====== EXERCISE DATA ======
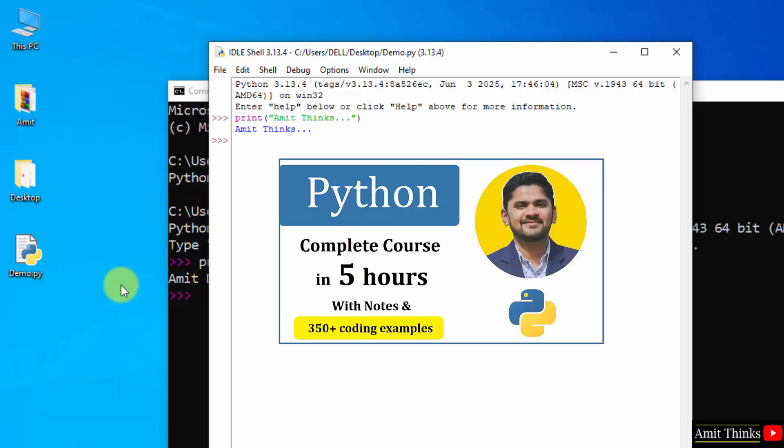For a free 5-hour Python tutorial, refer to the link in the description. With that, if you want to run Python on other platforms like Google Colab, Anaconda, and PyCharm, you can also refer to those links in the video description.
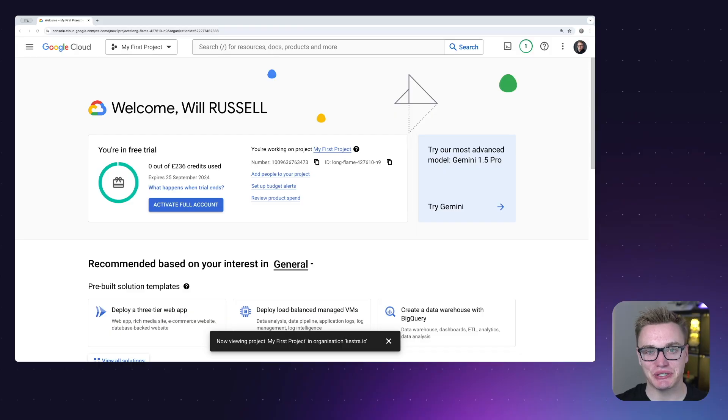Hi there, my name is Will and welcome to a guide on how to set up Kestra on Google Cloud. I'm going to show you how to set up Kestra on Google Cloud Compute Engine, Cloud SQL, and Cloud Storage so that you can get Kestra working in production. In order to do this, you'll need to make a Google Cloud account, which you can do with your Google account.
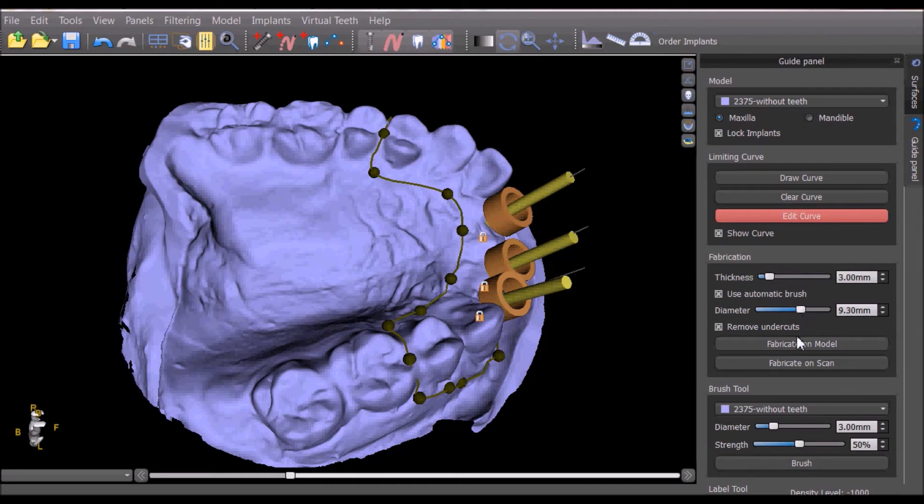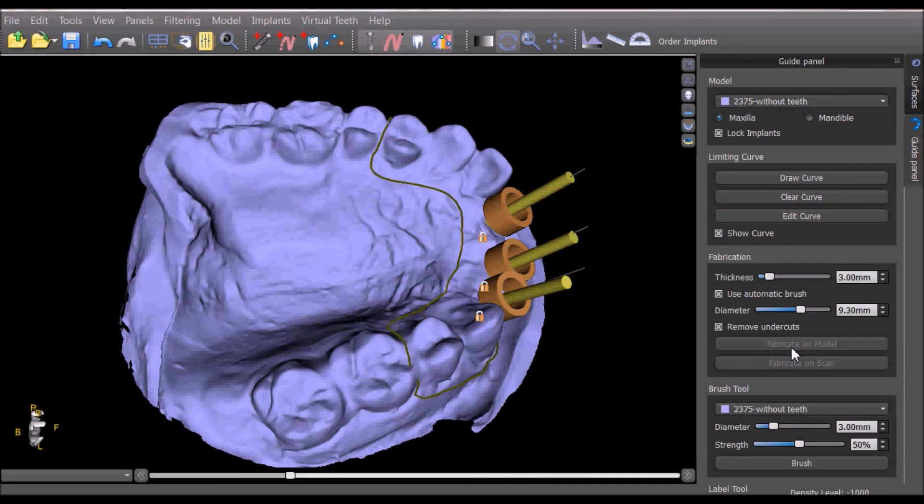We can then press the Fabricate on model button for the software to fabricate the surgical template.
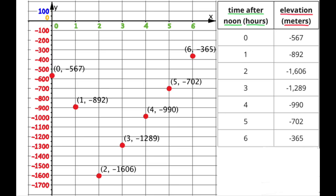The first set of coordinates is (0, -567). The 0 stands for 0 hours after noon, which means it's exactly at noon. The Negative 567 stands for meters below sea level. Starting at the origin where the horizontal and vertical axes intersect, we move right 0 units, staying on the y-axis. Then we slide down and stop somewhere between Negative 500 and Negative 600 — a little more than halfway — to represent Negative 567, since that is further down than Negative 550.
======
## TASK TO CARRY OUT
Exactly the lines from the line with "We can then" through the end of the data are to be reproduced, and no picture is to be included.

## EXERCISE SOLUTION
We can then press the Fabricate on model button for the software to fabricate the surgical template.
The first set of coordinates is (0, -567). The 0 stands for 0 hours after noon, which means it's exactly at noon. The Negative 567 stands for meters below sea level. Starting at the origin where the horizontal and vertical axes intersect, we move right 0 units, staying on the y-axis. Then we slide down and stop somewhere between Negative 500 and Negative 600 — a little more than halfway — to represent Negative 567, since that is further down than Negative 550.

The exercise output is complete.